The new rules, which came into effect yesterday, means pet owners that allow a dog to cause injury can now be punished by five years in prison.
The maximum prison sentence for allowing a dog to carry out a fatal attack on a person has increased to 14 years, from the previous two.
Hemel Hempstead and the HP postcode area is second only to Harrow in the local area for the rate of dog attacks on postmen and women – there were 19 from April 2012 to April 2013. Harrow had just two more incidents with a rate of 21.
In the same period nationwide, there were over 2,400 attacks on Royal Mail postmen and women, some leading to a permanent disabling injury.
Previously, legal protection over attacks by dogs did not extend ‘beyond the garden gate’, creating a particular issue for postmen and women who visit hundreds of private homes every day on their rounds.
Royal Mail’s group director of safety, health, wellbeing and sustainability Shaun Davis said: “I am delighted by the news that changes to the Dangerous Dog Act have now come in to force in England and Wales.
“Royal Mail has campaigned for changes to this important legislation and it will now ensure our postmen and women will be protected under law when they enter private property including a customer’s garden.
“The welfare and safety of our people is our first priority. We are only too aware of the life changing physical and psychological injuries that can be sustained from dog attacks.
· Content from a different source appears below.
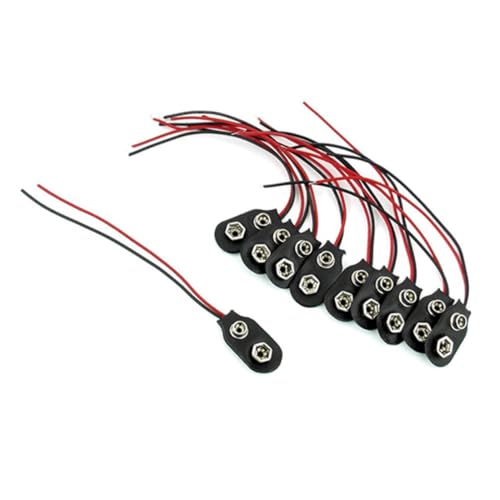 50 pezzi Clip Batteria con Nero Connettore Terminale Resistente per Alimentazione LED e Dispositivi Elettronici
Nobody should have to endure this and our postmen and women should not be at increased risk of such attacks simply because of the job they do.
“With the new legal protections and with greater public awareness, I hope we can see a significant reduction in the number of incidents in future.”
Hemel Hempstead’s shocking dog attack figures prompted the giant mail centre on the town’s industrial estate – which covers the Home Counties North patch as well as delivering to addresses in the West Herts area – to introduce a scheme to drive down the number of dog attacks.
Delivery people based at the Maxted Road centre have suffered bites to the legs, stomach and chest and one lost the tip on his forefinger, which led to the organisation giving out ‘postal pegs’ like tongs to deliver mail through letterboxes where there’s a dog at home.